TASK OBJECTIVE =>
Line by line, copy out the entries exactly and leave the pictures behind.

DATA UNDER STUDY =>
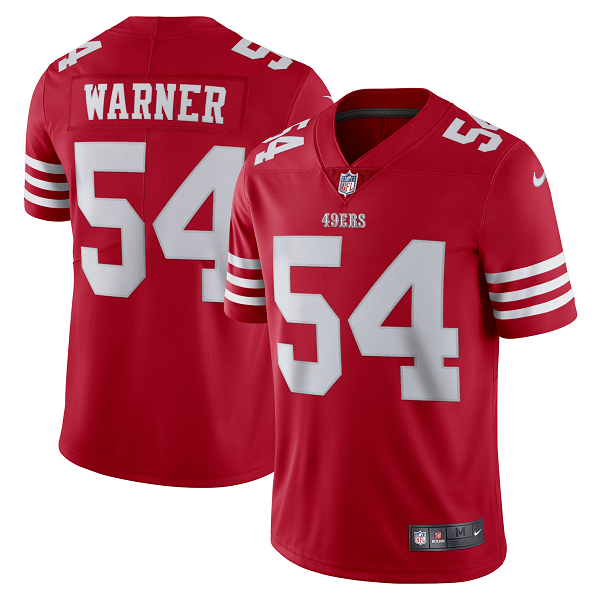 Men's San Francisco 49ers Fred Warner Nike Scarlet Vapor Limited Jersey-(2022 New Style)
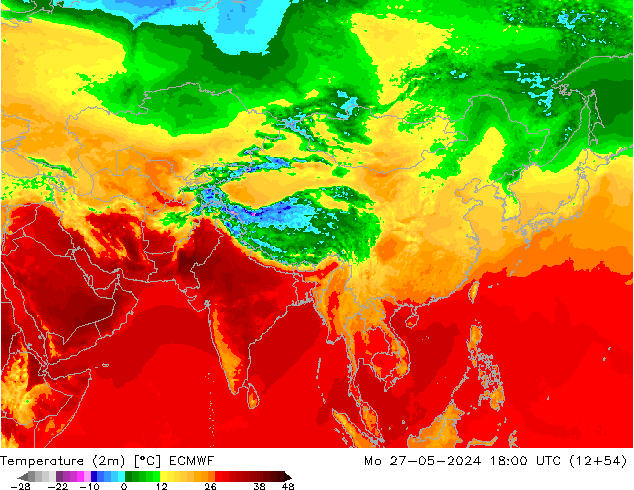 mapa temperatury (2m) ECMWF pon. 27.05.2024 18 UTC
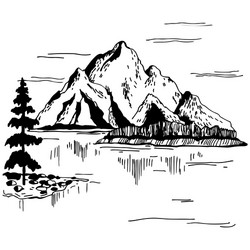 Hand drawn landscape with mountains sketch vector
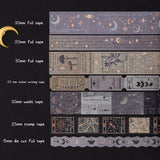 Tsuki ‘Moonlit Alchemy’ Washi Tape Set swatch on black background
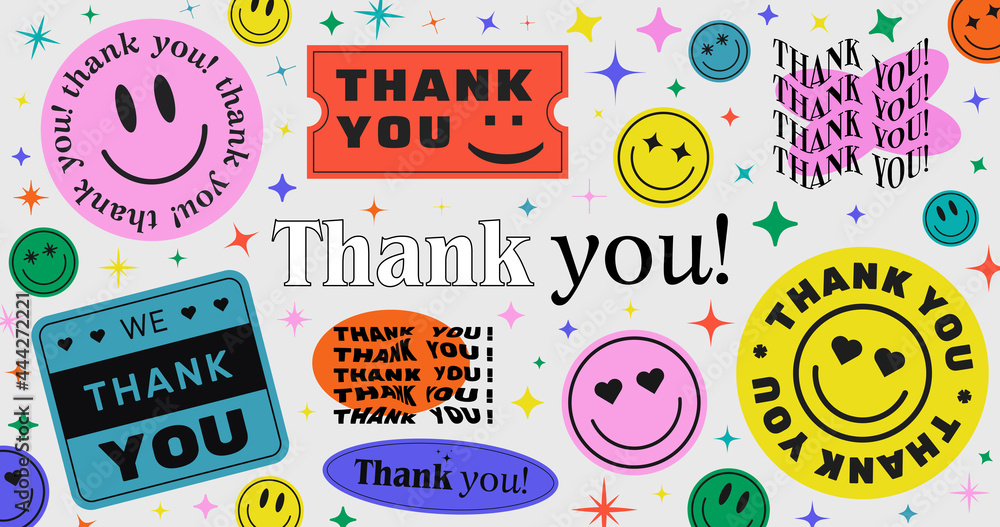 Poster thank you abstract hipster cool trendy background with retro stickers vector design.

SOLUTION FOR THIS PROBLEM =>
 Men's San Francisco 49ers Fred Warner Nike Scarlet Vapor Limited Jersey-(2022 New Style)
 mapa temperatury (2m) ECMWF pon. 27.05.2024 18 UTC
 Hand drawn landscape with mountains sketch vector
 Tsuki ‘Moonlit Alchemy’ Washi Tape Set swatch on black background
 Poster thank you abstract hipster cool trendy background with retro stickers vector design.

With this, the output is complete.